**Exercise aim:** Look through the entries below and copy exactly the part that begins with the line containing "в сборе. Харьков" and ends with the line containing "Wildnest Farmstay". Do not copy the pictures.

**Provided records:**
- - -

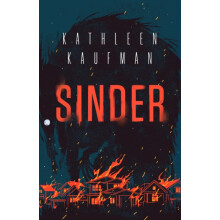 Sinder Diabhal Book 2 by Kathleen Kaufman Paperback Book
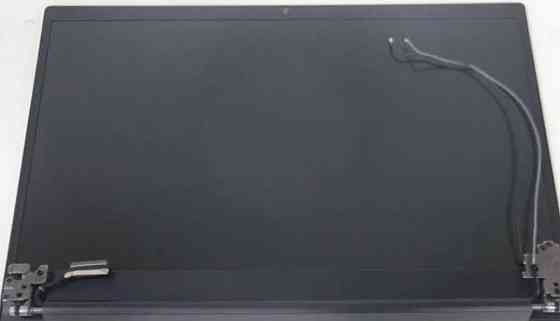 Lenovo ThinkPad 14” E14 Gen 2 OEM экран матовый в сборе. Харьков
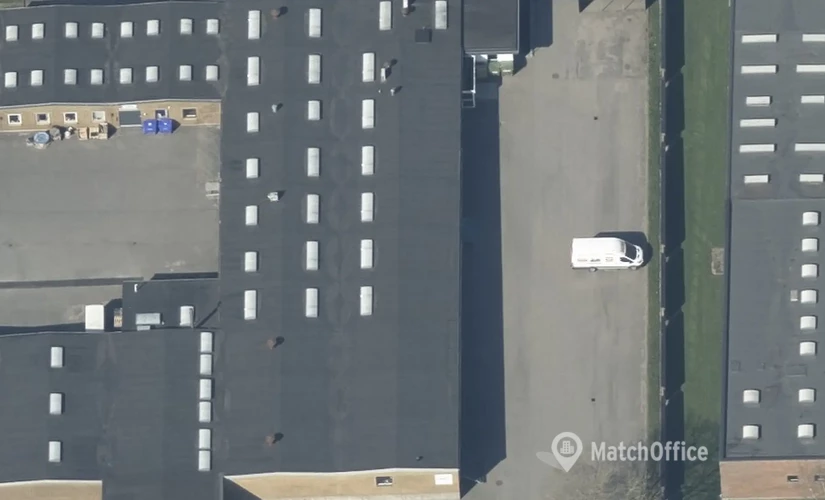 Lager til leje på Hattingvej 7C, 8700 Horsens - 594 m² | Foto 0 - Lokalebasen.dk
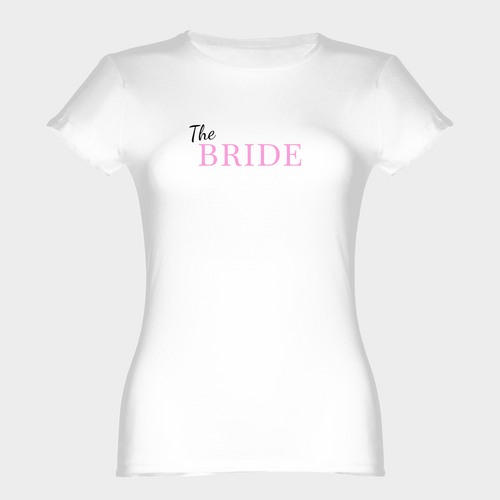 The Bride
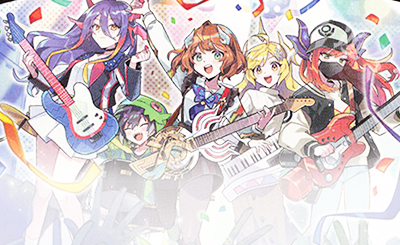 C-foil ボルシャック・栄光・ルピア(キャラプレミアムトレジャー) 買取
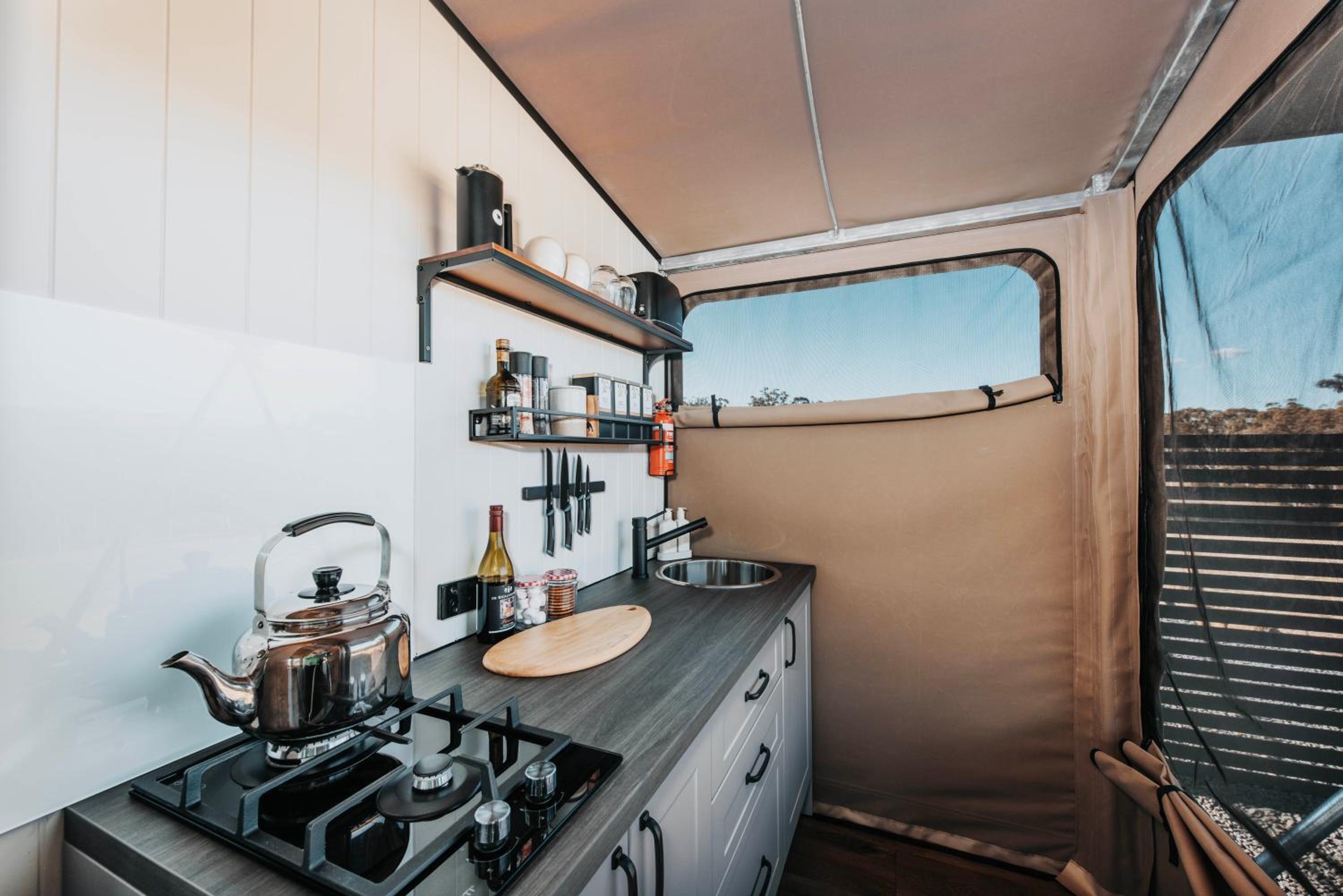 Wildnest Farmstay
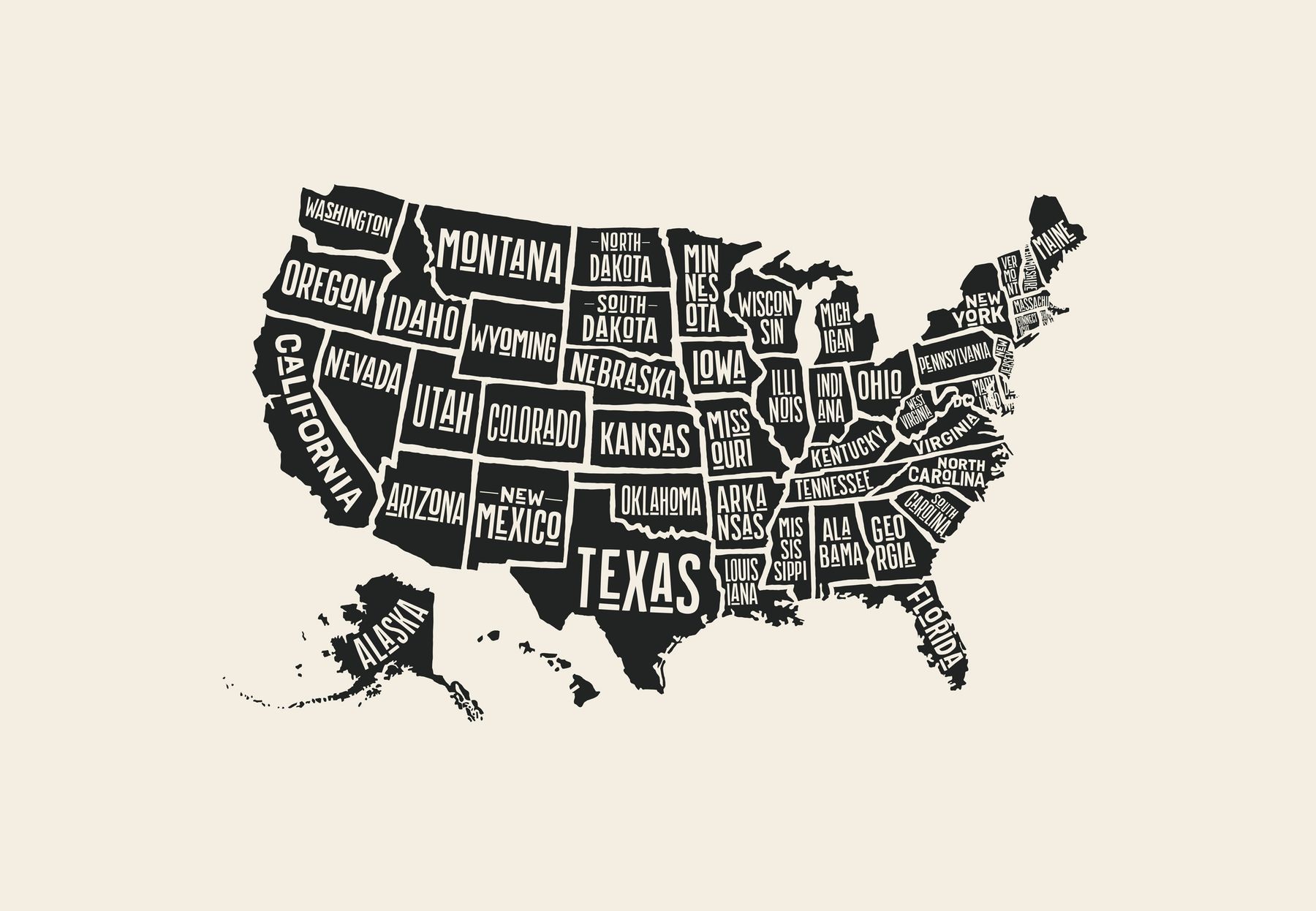 United States Map Wallpapers K Hd United States Map Backgrounds On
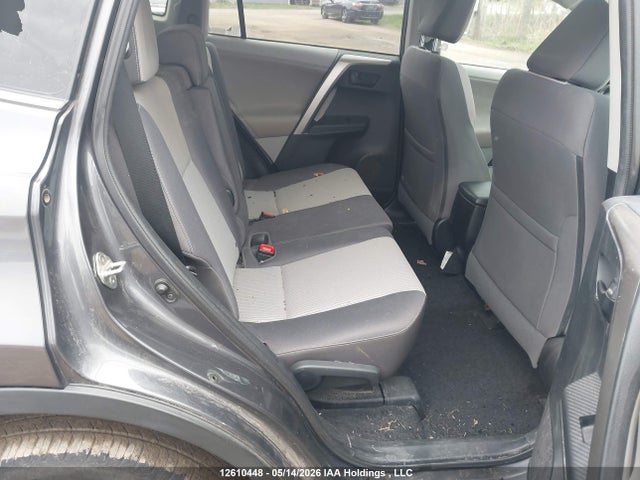 12610448 :رقم المزاد ، 2T3RFREV9DW069625 vin ، 2013 Toyota Rav4 Xle مزاد بيع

- - -

**Your solution:**
 Lenovo ThinkPad 14” E14 Gen 2 OEM экран матовый в сборе. Харьков
 Lager til leje på Hattingvej 7C, 8700 Horsens - 594 m² | Foto 0 - Lokalebasen.dk
 The Bride
 C-foil ボルシャック・栄光・ルピア(キャラプレミアムトレジャー) 買取
 Wildnest Farmstay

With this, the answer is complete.